2017-03-14 Thread Bill Kuzeja
After a Qlogic card breaks when initializing (test case), the system can
crash in qla2xxx_eh_abort if processing anything but a scsi command type 
srb.
---

Changes from previous version:
---
 - V2 - add concise desciption for git log

After the break, qla2x00_abort_all_cmds gets invoked. This routine has a
relatively new section introduced by these commits:

commit 1535aa75a3d8 ("scsi: qla2xxx: fix invalid DMA access after command 
aborts in PCI device remove")
commit c733ab351243 ("scsi: qla2xxx: do not abort all commands in the adapter 
during EEH recovery")
commit 2780f3c8f0233 ("scsi: qla2xxx: Avoid that issuing a LIP triggers a 
kernel crash") 

The section is problematic in certain cases. Here's the if statement in 
question:

if (GET_CMD_SP(sp) && !ha->flags.eeh_busy) {
   /* Get a reference to the sp and drop the lock.
* The reference ensures this sp->done() call
* - and not the call in qla2xxx_eh_abort() -
* ends the SCSI command (with result 'res').
*/
sp_get(sp);
spin_unlock_irqrestore(>hardware_lock,flags);
qla2xxx_eh_abort(GET_CMD_SP(sp));
spin_lock_irqsave(>hardware_lock, flags);
}

Now here's the panic my test provokes:

[  927.823858] Call Trace:
[  927.581661]  qla2xxx_eh_abort+0x19/0x2b0 [qla2xxx]
[  927.829269]  [] qla2x00_abort_all_cmds+0xf6/0x14 [qla2xxx]
[  927.845014]  [] 
qla2x00_disable_board_on_pci_error+0x8f/0x160 [qla2xxx]
[  927.863054]  [] process_one_work+0x17b/0x470
[  927.875916]  [] worker_thread+0x126/0x410
[  927.888203]  [] ? rescuer_thread+0x460/0x460
[  927.901067]  [] kthread+0xcf/0xe0
[  927.911823]  [] ?kthread_create_on_node+0x140/0x140
[  927.926224]  [] ret_from_fork+0x58/0x90
[  927.938132]  [] ?kthread_create_on_node+0x140/0x140

We crash in qla2xxx_eh_abort trying to get the vha:

scsi_qla_host_t *vha = shost_priv(cmd->device->host);

Closer examination of the crash shows that the value of "cmd" is 2,
certainly not a valid pointer.

What's happening here?

The check at the top of the if-block GET_CMD_SP(sp) implicitly != NULL 
would have prevented this sort of thing. However, since sp->u.scmd.cmd 
is not *quite* null (in my crashes it's usually 2), we fall into the 
if-block and call qla2xxx_eh_abort - and crash trying to get cmd.

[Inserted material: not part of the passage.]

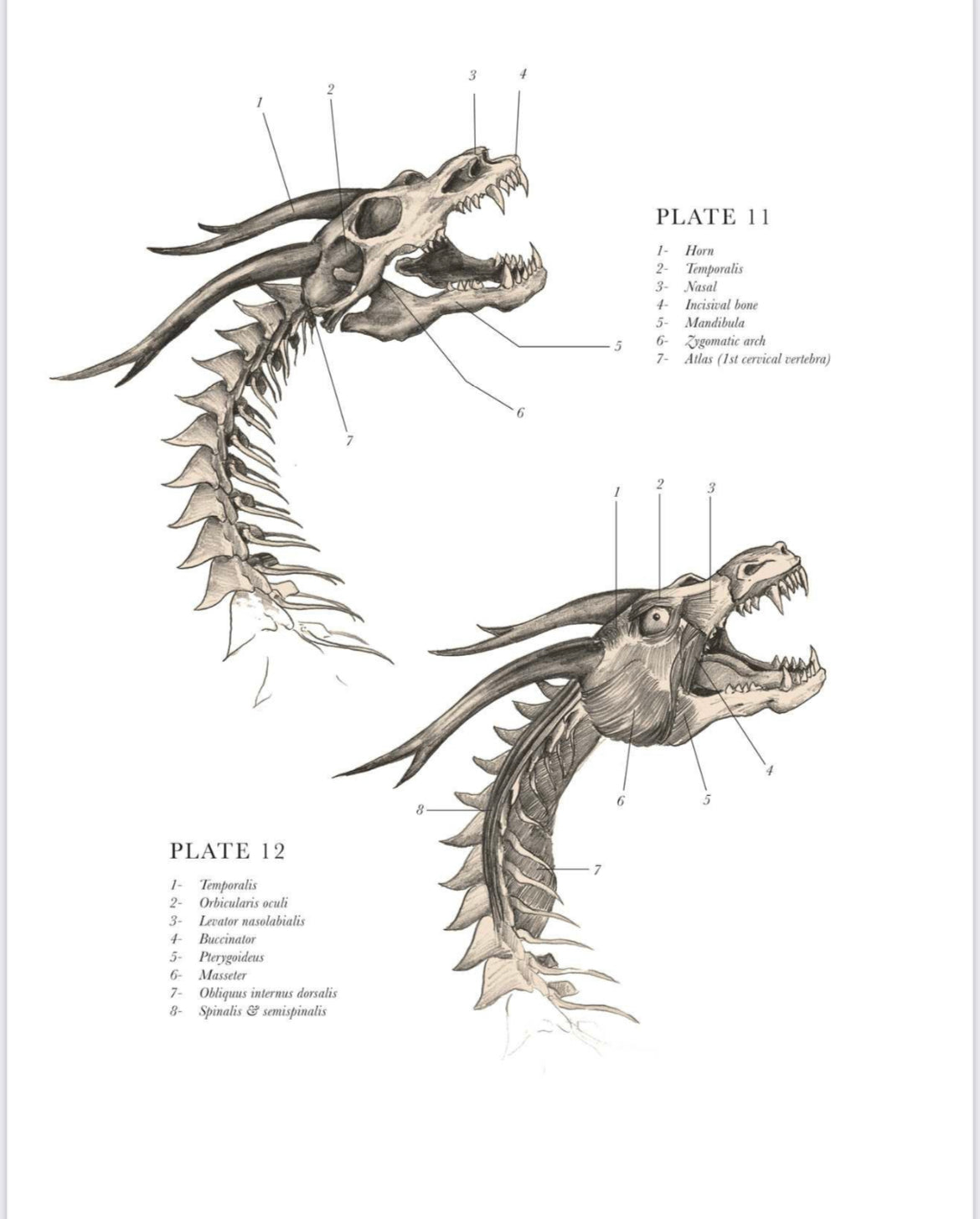 The Resurrectionist Hardcover artbook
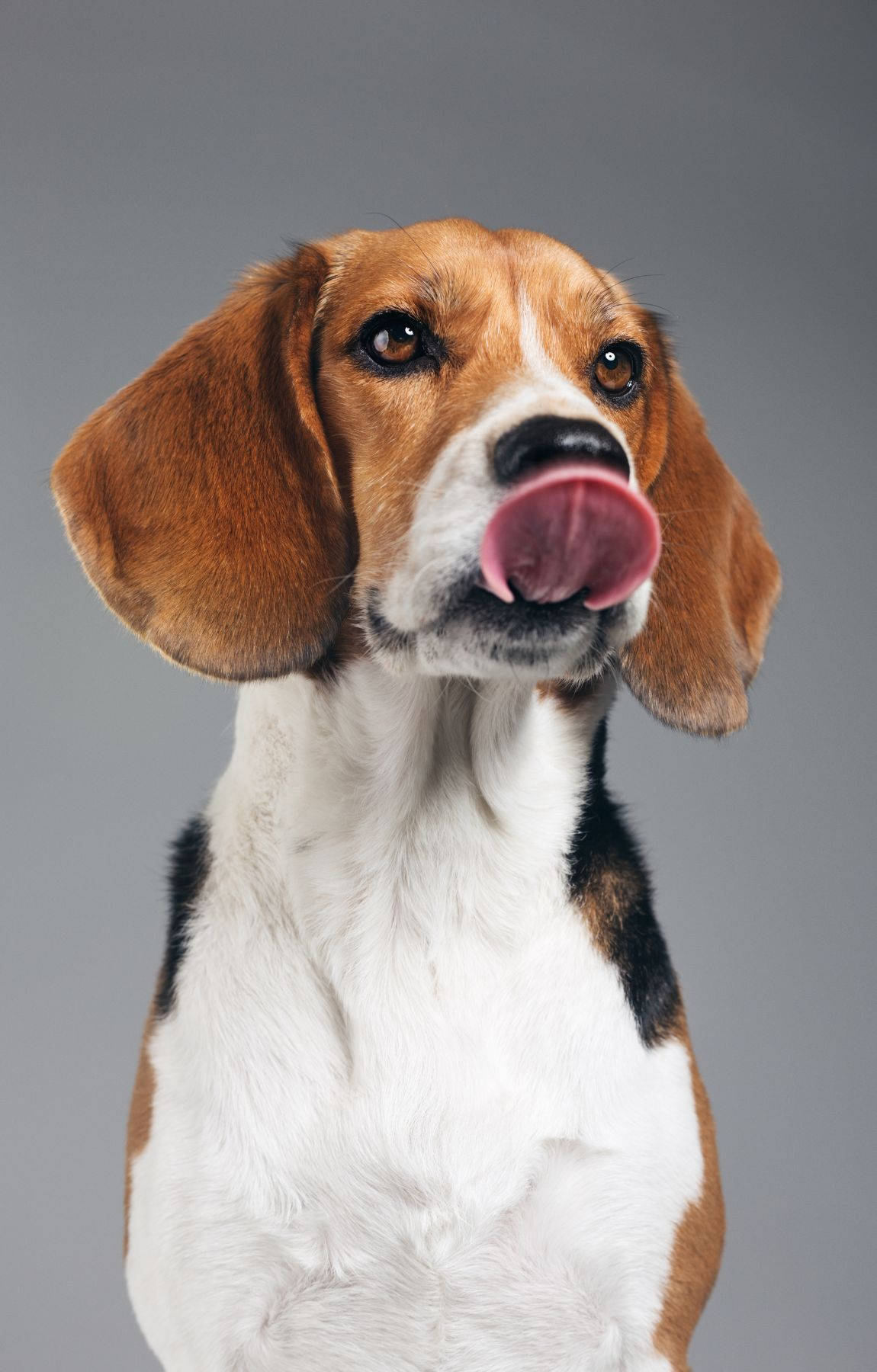 Playful Licking Beagle Pup Background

Note that the GET_CMD_SP(sp) is doing this:

#define GET_CMD_SP(sp) (sp->u.scmd.cmd)

and is acting upon a union:

union {
struct srb_iocb iocb_cmd;
struct fc_bsg_job *bsg_job;
struct srb_cmd scmd;
}

The address it's getting is the first element in this structure:

struct srb_cmd {
struct scsi_cmnd *cmd;  /* Linux SCSI command pkt */

}

However, since this is a union, the same memory can be used this way 
instead:

struct srb_iocb {
union {
struct {
uint16_t flags;
uint16_t data[2];
u32 iop[2];
} logio;


Turns out, in the kernel panics I have gotten, the iocb type is logio
(verified by srb->type = SRB_LOGIN_CMD). 

To further check, I looked at the logio iocb in the crash:

logio = {
  flags = 0x2,
  data = {0x0, 0x0}


which follows since:

   lio->u.logio.flags |= SRB_LOGIN_COND_PLOGI;

and

#define SRB_LOGIN_COND_PLOGIBIT_1

In order to eliminate this crash, this patch adds an extra check to the
top of the if statement to check whether or not sp->type == SRB_SCSI_CMD. 
If not, then don't bother doing the rest of the if-block. It doesn't look
like we should be invoking qla2xxx_eh_abort for anything other than
srb_cmds anyways.

I thought about changing the definition of GET_CMD_SP to include this
type check and return NULL if sp is not type SRB_SCSI_CMD - like this:

#define GET_CMD_SP(sp) ((sp->type == SRB_SCSI_CMD) ? sp->u.scmd.cmd : NULL)

I decided against it as there are multiple places in the code that do not
check for NULL. If you're calling GET_CMD_SP you should be dealing with 
an SRB_SCSI_CMDbut we aren't in this case. So, for this patch I went 
with the more contained and safer change.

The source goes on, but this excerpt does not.